I haven't written about her since she died in April, but I've had my birthday card from her sitting on my desk for a few months. It must have been one of the last things she ever wrote before she had the back to back strokes and the heart attack. Strangely, it is the most touching card she has gotten me for a birthday ever and I can't figure out if it's because she actually got to know me a bit better on this last trip or if it was just chance.
The card itself is a fine message, hitting me at a particularly important time to hear it: "Indulge in whatever you love most. Wish big. Laugh long. Enjoy lots." It is followed by a handwritten inscription "Lots of love and good wishes for many more birthdays, Grandma"...

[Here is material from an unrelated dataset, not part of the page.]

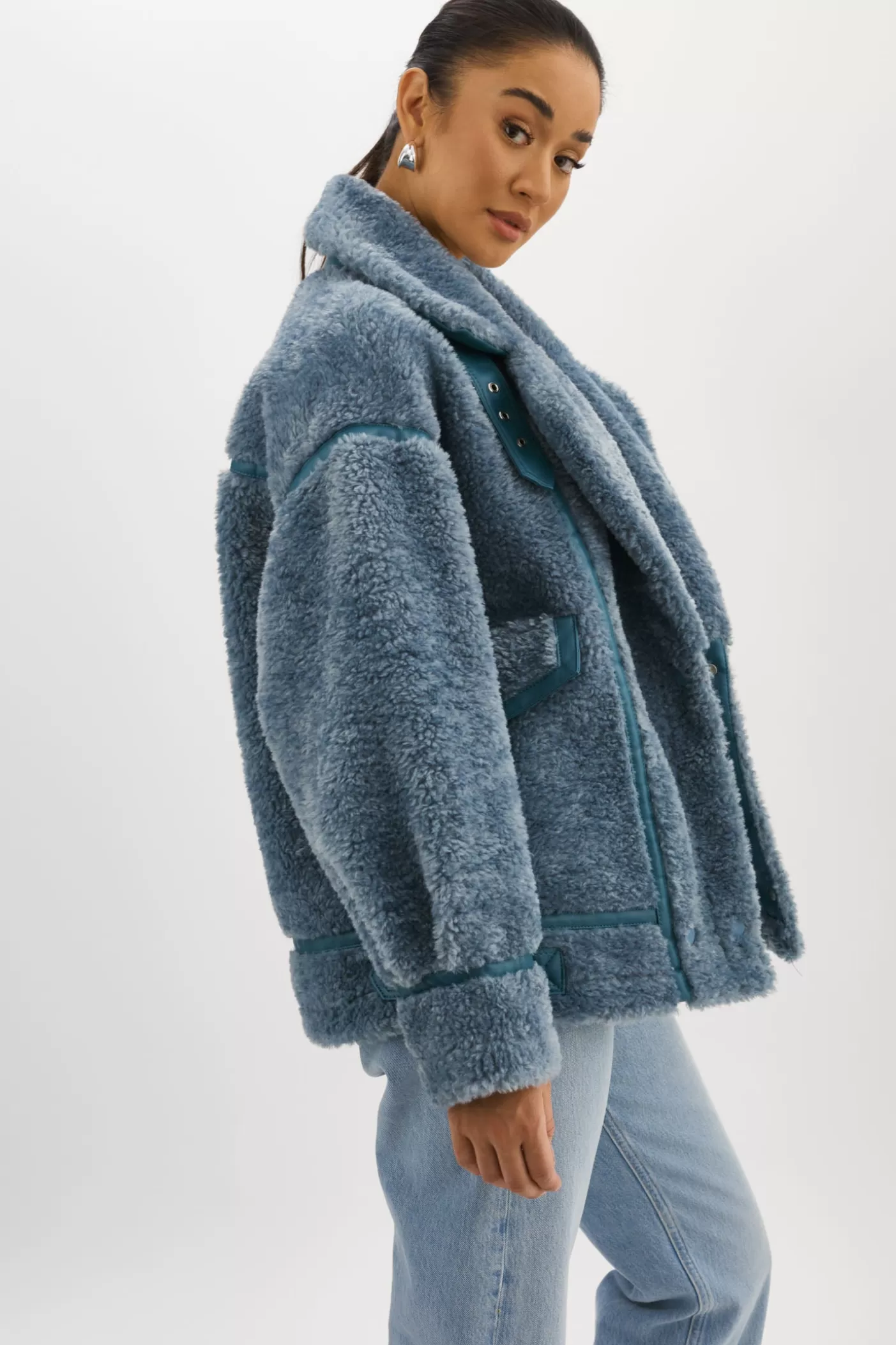 LAMARQUE BADU | Veste Oversize En Fausse Peau De Mouton Bleu poussiéreux Discount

Anyhow... the last conversation we had was a great departure from her usual "If you're going to get married, could you get married soon? I don't know how much longer I'll be around..." injunctions into a frank discussion of her choice to wait on marriage until she was 30 (almost unheard of in her time) and how happy she was that she had a long, single life because it brought a certain intangible satisfaction to her marriage to Grandpa E.
I unearthed the card today. So I am missing my grandma today.

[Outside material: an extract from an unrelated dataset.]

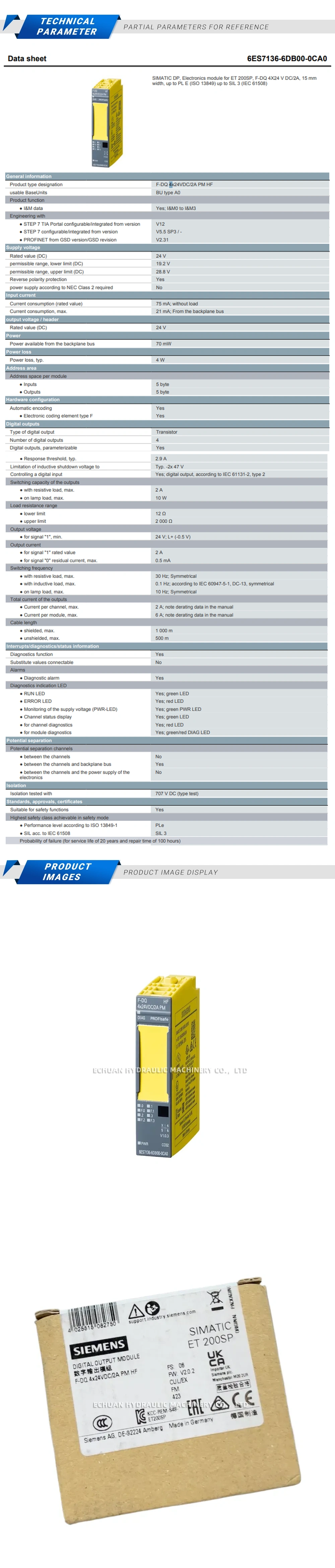 Siemens 6ES7 136-6D800-0CA0 Description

I've been thinking about the things we talked about recently (god knows why), but I think I'm only just now comfortable enough with myself to really believe that it's not worth my time trying to reign in who I am that is so that I might attract someone. Maybe love isn't a numbers game. The heart of one quality guy over the attentions many subpar matches does sound better. Just remember not to waste too much time on guys I know won't meet my needs (or that I won't meet theirs).
Or maybe I'm just listening to too much Eric Clapton. This is a distinct possibility.